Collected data
<<<<
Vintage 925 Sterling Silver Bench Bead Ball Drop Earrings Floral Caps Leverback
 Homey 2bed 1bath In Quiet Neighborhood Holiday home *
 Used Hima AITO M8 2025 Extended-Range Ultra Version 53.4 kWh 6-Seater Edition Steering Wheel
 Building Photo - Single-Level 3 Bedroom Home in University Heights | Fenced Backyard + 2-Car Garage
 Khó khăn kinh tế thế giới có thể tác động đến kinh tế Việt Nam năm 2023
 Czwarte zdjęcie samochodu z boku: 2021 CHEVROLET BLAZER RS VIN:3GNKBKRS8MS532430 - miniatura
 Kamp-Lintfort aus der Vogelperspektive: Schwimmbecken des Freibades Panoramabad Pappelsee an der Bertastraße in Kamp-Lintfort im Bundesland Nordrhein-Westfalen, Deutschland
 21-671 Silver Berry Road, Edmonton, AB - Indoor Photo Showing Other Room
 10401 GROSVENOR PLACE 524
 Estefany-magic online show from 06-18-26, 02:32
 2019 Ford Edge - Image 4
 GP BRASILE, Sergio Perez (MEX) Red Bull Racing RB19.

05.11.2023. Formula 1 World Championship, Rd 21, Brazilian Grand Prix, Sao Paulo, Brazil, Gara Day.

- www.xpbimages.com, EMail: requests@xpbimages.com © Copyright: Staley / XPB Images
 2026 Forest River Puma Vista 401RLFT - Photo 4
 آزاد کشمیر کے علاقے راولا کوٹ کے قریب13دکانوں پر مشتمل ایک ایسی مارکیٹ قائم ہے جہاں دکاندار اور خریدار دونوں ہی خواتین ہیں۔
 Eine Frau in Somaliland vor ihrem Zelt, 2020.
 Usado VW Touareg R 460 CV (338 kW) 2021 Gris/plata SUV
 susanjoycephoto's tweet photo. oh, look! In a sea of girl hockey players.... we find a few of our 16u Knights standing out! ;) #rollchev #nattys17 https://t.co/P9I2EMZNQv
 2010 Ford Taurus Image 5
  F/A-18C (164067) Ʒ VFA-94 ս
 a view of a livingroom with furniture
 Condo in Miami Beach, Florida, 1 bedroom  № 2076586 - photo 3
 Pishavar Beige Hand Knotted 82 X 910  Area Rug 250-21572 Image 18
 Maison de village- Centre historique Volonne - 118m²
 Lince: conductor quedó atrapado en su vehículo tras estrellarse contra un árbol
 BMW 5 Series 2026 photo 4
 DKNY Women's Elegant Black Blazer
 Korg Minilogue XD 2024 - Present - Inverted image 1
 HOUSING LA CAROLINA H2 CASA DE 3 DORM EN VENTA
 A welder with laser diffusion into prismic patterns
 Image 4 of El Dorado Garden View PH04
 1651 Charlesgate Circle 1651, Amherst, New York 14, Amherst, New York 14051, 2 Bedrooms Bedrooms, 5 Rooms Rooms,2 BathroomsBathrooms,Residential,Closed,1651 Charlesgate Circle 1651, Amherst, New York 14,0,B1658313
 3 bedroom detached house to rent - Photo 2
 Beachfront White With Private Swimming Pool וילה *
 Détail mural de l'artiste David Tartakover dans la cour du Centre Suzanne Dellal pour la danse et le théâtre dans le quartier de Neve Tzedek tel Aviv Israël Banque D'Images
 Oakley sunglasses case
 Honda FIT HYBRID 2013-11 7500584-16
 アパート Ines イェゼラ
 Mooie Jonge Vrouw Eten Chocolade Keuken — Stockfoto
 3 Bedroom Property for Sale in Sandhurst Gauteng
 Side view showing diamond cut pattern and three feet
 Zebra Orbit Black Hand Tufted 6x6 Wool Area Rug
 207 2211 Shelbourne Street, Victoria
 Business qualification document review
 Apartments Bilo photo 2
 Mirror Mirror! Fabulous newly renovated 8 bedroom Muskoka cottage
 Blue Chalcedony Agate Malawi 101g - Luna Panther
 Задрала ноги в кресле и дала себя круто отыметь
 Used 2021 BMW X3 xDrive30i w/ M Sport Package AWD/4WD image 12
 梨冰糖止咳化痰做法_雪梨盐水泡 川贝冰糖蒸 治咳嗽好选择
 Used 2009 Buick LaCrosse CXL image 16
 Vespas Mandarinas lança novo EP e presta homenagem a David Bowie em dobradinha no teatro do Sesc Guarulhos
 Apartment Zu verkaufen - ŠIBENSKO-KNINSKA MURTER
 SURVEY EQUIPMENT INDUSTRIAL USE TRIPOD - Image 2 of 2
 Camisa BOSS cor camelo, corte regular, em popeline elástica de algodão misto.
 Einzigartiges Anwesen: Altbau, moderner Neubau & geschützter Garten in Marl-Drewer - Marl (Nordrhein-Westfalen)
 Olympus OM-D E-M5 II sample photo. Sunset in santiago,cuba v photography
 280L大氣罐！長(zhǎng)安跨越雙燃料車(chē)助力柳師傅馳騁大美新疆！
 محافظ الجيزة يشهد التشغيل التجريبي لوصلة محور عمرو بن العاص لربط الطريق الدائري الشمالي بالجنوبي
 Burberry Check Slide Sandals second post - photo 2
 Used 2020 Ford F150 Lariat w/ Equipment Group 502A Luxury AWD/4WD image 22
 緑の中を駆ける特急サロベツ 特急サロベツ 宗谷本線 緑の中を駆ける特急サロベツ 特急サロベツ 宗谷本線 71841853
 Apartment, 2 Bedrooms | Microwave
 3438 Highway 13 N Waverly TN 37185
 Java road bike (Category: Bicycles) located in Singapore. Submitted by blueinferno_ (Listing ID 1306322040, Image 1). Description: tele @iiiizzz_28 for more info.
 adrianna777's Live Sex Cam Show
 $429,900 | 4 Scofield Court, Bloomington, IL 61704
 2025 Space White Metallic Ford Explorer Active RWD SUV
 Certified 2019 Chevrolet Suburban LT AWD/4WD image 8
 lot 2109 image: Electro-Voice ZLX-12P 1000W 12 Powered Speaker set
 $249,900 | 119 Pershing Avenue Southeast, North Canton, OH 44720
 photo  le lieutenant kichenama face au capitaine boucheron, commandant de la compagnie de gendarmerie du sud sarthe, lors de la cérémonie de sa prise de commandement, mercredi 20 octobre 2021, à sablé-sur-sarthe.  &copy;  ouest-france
>>>>
=== Exercise prompt ===
The lines you need are those with the word "Hand"; list them from the entries.

=== Final answer ===
 Pishavar Beige Hand Knotted 82 X 910  Area Rug 250-21572 Image 18
 Zebra Orbit Black Hand Tufted 6x6 Wool Area Rug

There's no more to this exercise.